And then their conversation! How dull!—how lacking in point, in originality! These unhappy people appear to have in their heads no ideas that are not either trivial, tedious, or merely absurd. They do not appear to be interested in any matters that could interest a reasonable man. They babble, saying over and over again the same things. Or if they do not babble they giggle, or they may do both, which is worse; and, indeed, the uproarious way in which some of them laugh, upon no sufficient provocation, is disagreeable, especially in a woman. Or, if they neither babble, giggle, nor deafen the room with their outrageous mirth, they sit glum, speaking not a word, glowering upon humanity. How English that is—and how rude!
Commonplace—‘that is what these people are! It is not their fault, but it is nevertheless a pity; and you resent it. Indubitably you are not in a sympathetic environment; you are not among kindred spirits. You grow haughty, within. When two late comers enter breezily and take seats near to you, and one of them begins at once by remarking that he is going to Port Erin for the day, and asks you if you know Port Erin, you reply “No”; the fact being that you have visited Port Erin, but the fact also being that you shirk the prospect of a sustained conversation with any of these too commonplace, uncomprehending strangers.

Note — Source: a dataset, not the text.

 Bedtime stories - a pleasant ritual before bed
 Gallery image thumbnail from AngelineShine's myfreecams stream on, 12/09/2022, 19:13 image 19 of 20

You rise and depart from the table, and you endeavour to make your exit as majestic as possible; but there is a suspicion in your mind that your exit is only sheepish.
You meet someone on the stairs, a woman less like a guy than those you have seen, and still youthful. As you are going upstairs and she is coming down, and the two of you are staying in the same house, you wonder whether it would not be well to greet her. A simple “Good-morning.” You argue about this in your head for some ten years—it is only in reality three seconds, but it seems eternal. You feel it would be nice to say good-morning to her. But at the critical point, at the psychological moment, a hard feeling comes into your heart, and a glazed blind look into your eyes, and you glance away. You perceive that she is staring straight in front of her; you perceive that she is deliberately cutting you. And so the two of you pass like ships in the night, and yet not quite like ships in the night, because ships do not hate, detest, and despise.

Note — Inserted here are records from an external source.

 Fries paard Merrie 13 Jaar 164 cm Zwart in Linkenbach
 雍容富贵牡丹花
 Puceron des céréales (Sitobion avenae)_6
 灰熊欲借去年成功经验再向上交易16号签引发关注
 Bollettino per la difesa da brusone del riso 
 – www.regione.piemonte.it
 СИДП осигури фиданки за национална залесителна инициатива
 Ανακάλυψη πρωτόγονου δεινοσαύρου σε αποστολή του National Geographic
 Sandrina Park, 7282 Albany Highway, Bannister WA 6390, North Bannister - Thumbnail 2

You go out into the sunshine (if sunshine there happens to be), between the plash of the waves and the call of the boatman on the right hand, and the front doors of all the other boarding-houses on the left, and you see that the other boarding-houses are frequented by a much superior, smarter, more intelligent, better-mannered set of pleasure-seekers than yours. You feel by a sure premonition that you are in for a dull time.